## Stored data

****************

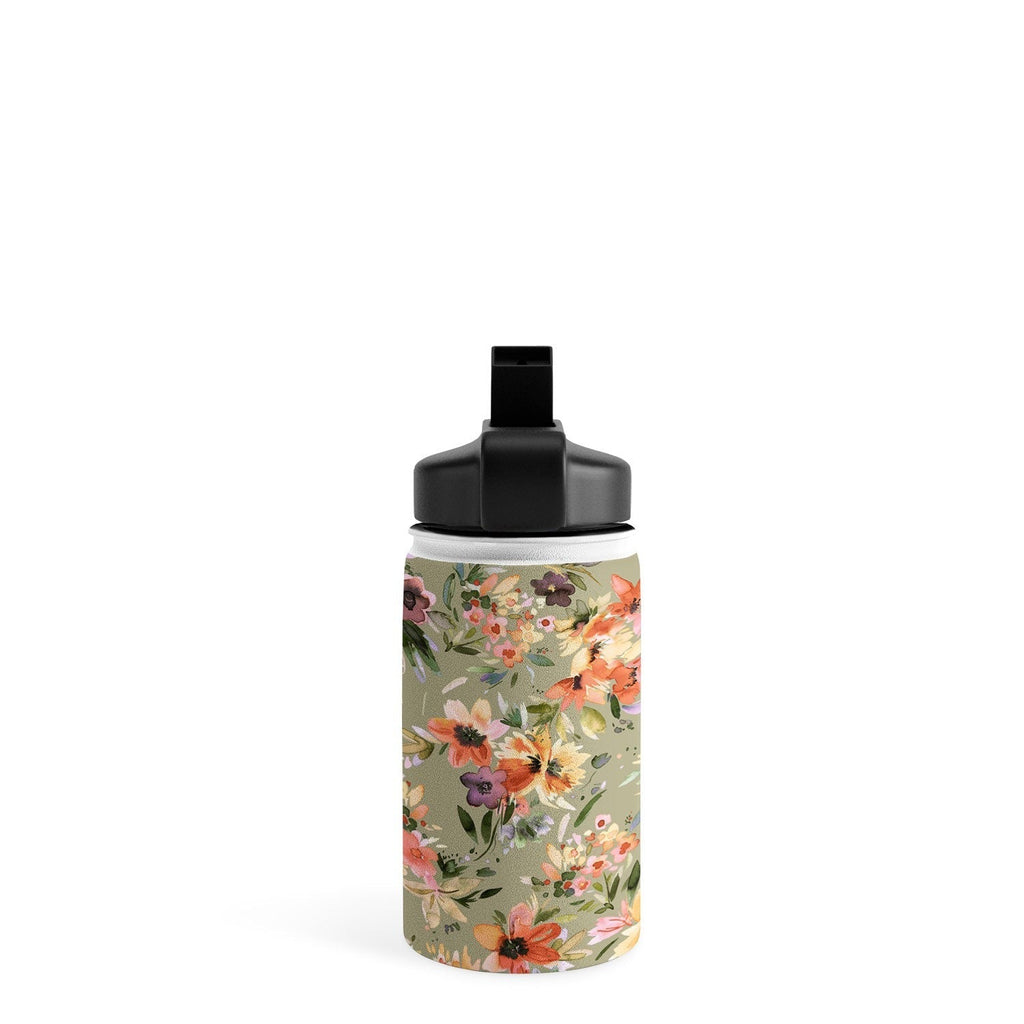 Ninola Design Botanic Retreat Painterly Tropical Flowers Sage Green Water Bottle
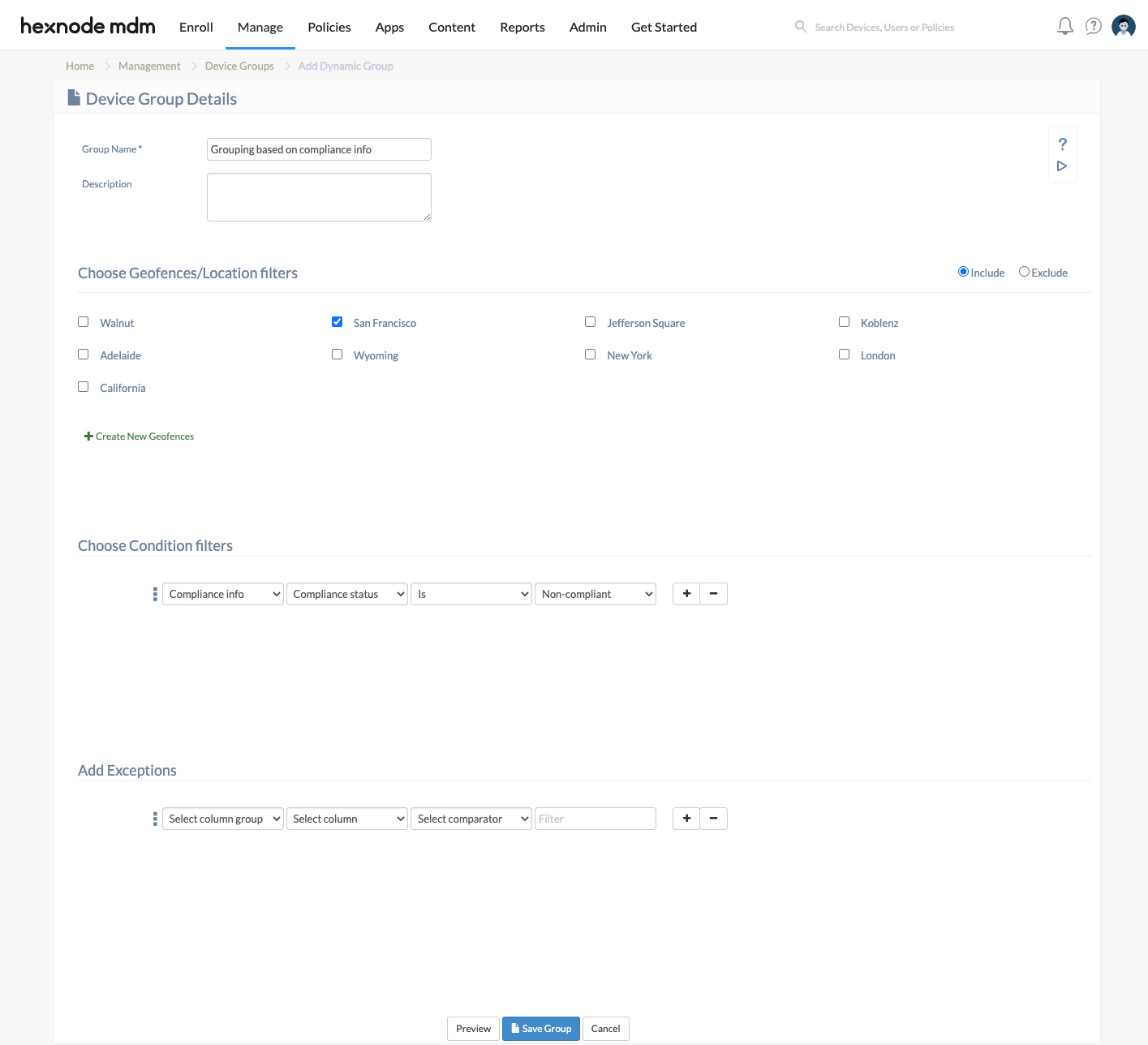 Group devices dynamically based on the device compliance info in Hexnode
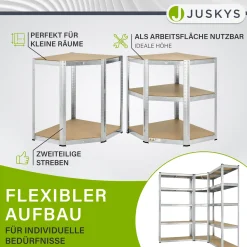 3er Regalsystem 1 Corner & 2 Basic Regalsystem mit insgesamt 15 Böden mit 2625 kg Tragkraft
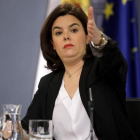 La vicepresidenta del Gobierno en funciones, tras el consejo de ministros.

****************

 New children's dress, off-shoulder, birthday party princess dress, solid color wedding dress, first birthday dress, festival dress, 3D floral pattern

****************

## What to do
Within the entries above, the lines from the one containing "3er Regalsystem 1" through the one containing "La vicepresidenta del" are to be transcribed exactly, ends included, pictures excluded.

## Your solution
 3er Regalsystem 1 Corner & 2 Basic Regalsystem mit insgesamt 15 Böden mit 2625 kg Tragkraft
 La vicepresidenta del Gobierno en funciones, tras el consejo de ministros.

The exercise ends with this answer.